Each object of the JSON array contains two keys: class and score. The class refers to the object recognized by the algorithm as a string. The score is a confidence ratio about this prediction as a float number.

SmartSight art

SmartSight art

Eventually, we stored all assets for the project in a SmartSight Art repository. This repo is useful to keep track of design changes overtime, but overall to use consistent logos and assets in all the SmartSight modules.

All the assets have been designed as vectors, meaning they can be enlarged and zoomed as much as needed, without pixelating.

Tests

Functional tests

All along the development of the SmartSight API, tests drove the development. We call this strategy Test Driven Development (TDD). Since the API was developed in NodeJS, we used the futuristic test library AVA to write our tests.

These tests made sure the API returns the correct status codes and the correct format of data.

test.cb(`POST ${endpoint} with JPG image returns 200`, t => {
  api
    .post(endpoint)
    .attach('file', 'test/fixture/pizza.jpg')
    .expect(200)
    .end((err, res) => {
      if (err) {
        throw err
      }

      t.end()
    })
})
Test POST route with JPEG image

Performance tests

The classification core performs more than 95% of successful predictions on the ImageNet database. The system is not able to label an object it has not been trained with.

We conducted several tests, searching for an interesting image preprocessing phase that would improve the system’s performance. The important features that we took into account are luminosity, noise, blur and compression. When we test on only one image, it gives a unexploitable result that doesn’t really make sense. The score of the image varies a lot depending on its original settings. A low luminosity cat will perform a better score if it has been trained on a low luminosity dataset.

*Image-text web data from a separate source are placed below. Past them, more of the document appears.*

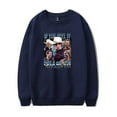 thumbnail image 2 of twisters merch Glen Powell If You Feel It Chase It  sweater  capless crewneck sweater men/women  pullovers, 2 of 7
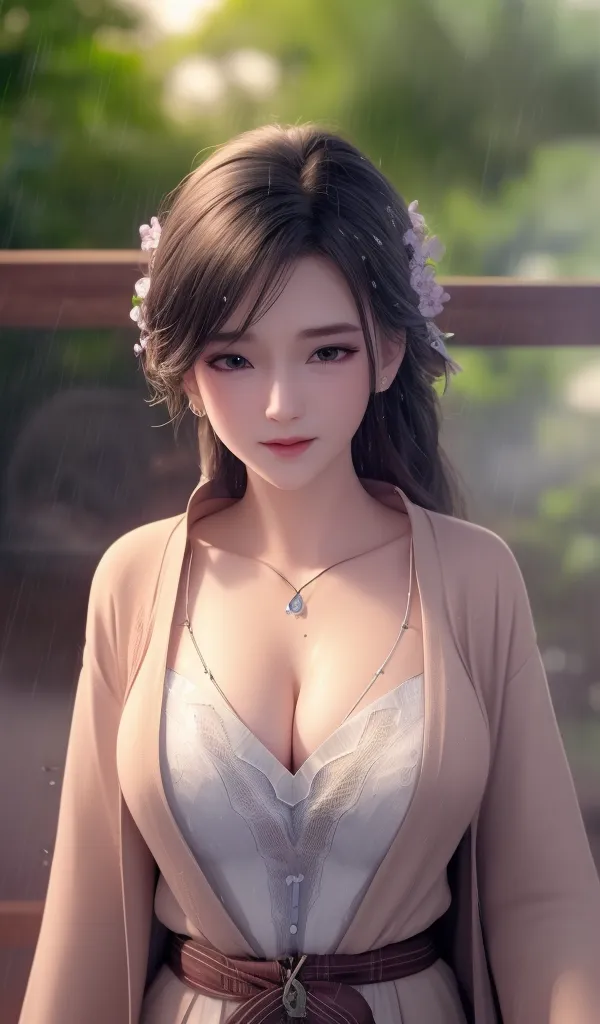 CGI style,Anime Character,Girl,LoRA,SD 1.5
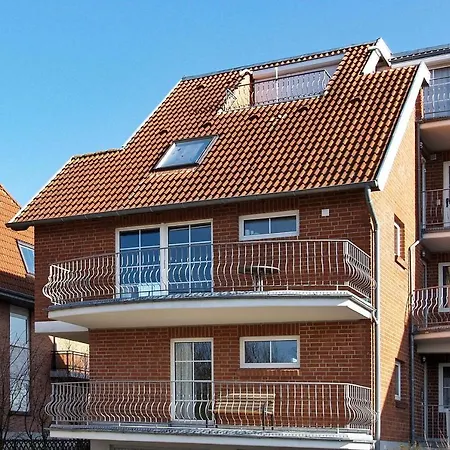 Strandresidenz Strandresidenz 6 Apartment *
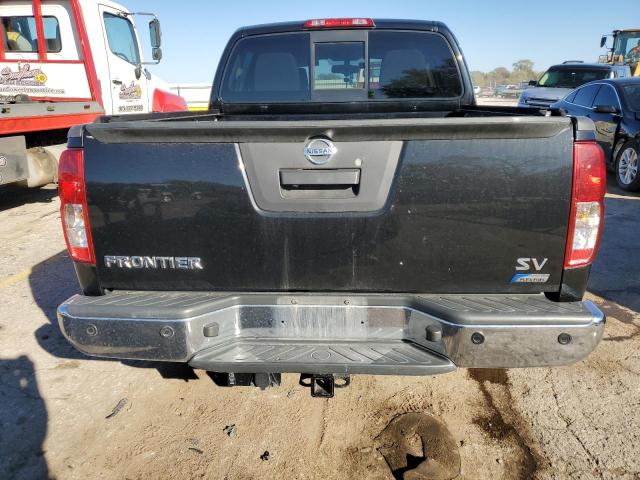 1N6DD0ER5KN764250 | 2019 NISSAN FRONTIER S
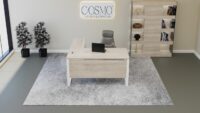 Ariel Executive Office Desk - Image 2
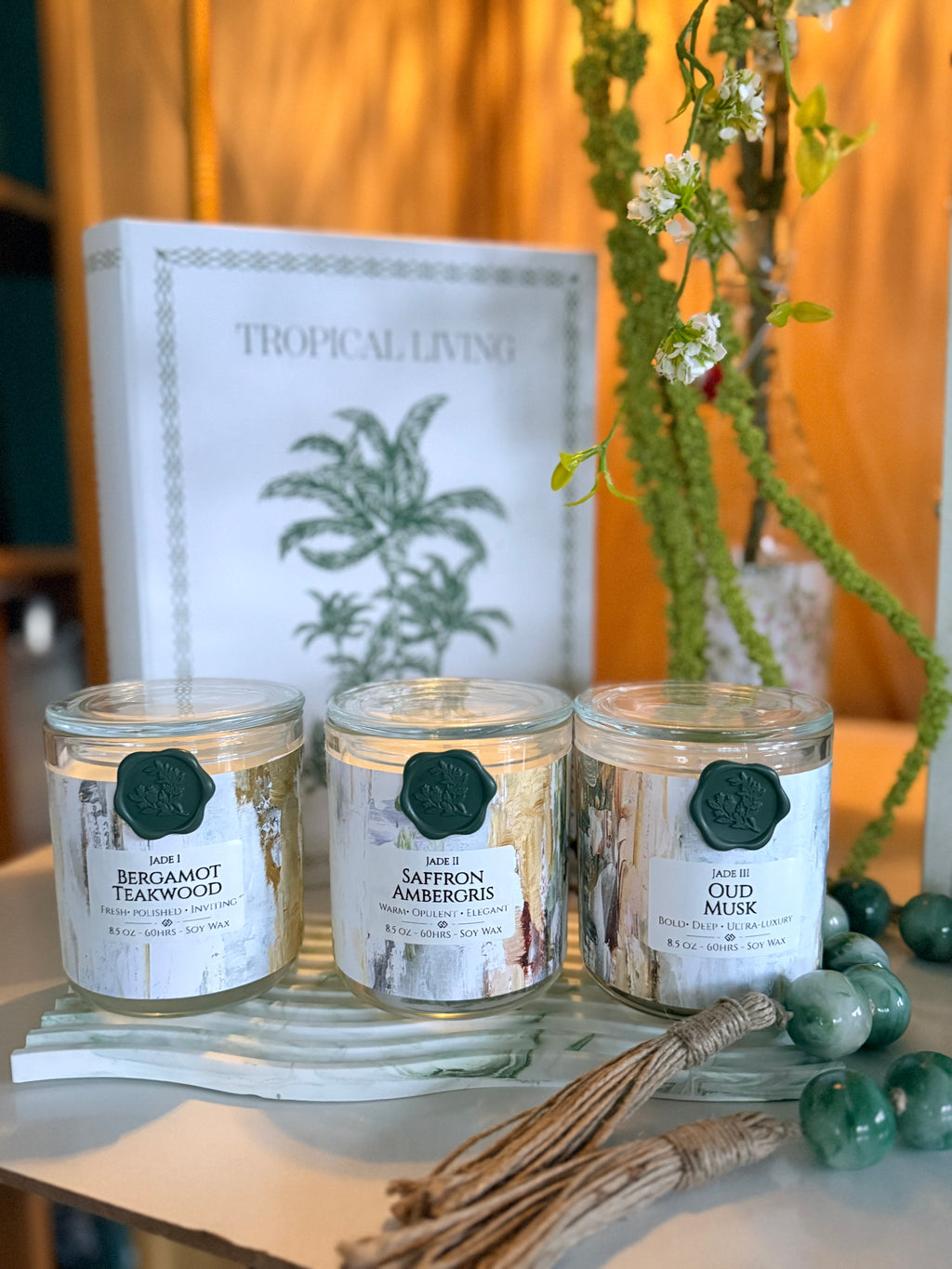 Jade Signature Collection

We perceived, most of the time, an increase of score around 80% of image compression. This could be explained by a lower accuracy that ignores the not meaningful details. Moreover, this data compression speed up the processing time.

Score vs. Quality

These tests are not relevant enough to conclude anything yet, as it would be more interesting to test it over a large amount of the database.

Achievements

The most important aspect of our project was the development of a classification system. We created a simple, intuitive and user-friendly Android application that uses the system by communicating with a server that runs the classification engine. Our reusable API is exposed and open source so that developers can contribute to our system.

Encountered problems

Our initial expectation was to create a user-focused application. The user would take a picture, if it’s not referenced, would upload the image to the system to add new classes to the classification system.

However, in order to add classes to the system, the entire classifier needs to be retrained from scratch. This process takes time and requires strong computations.

We met Martin Görner, machine learning expert, during a TensorFlow meetup in Paris. He advised us to have a look at transfer learning to bypass this issue.

After studying this perspective, we found out that it doesn’t actually solve our problem: transfer learning allows to specialize the system for new precise classes by replacing the last layers of the neural network, but not to actually broaden the classes range.

As of now, we are not able to improve the scope of objects without significantly lowering performance.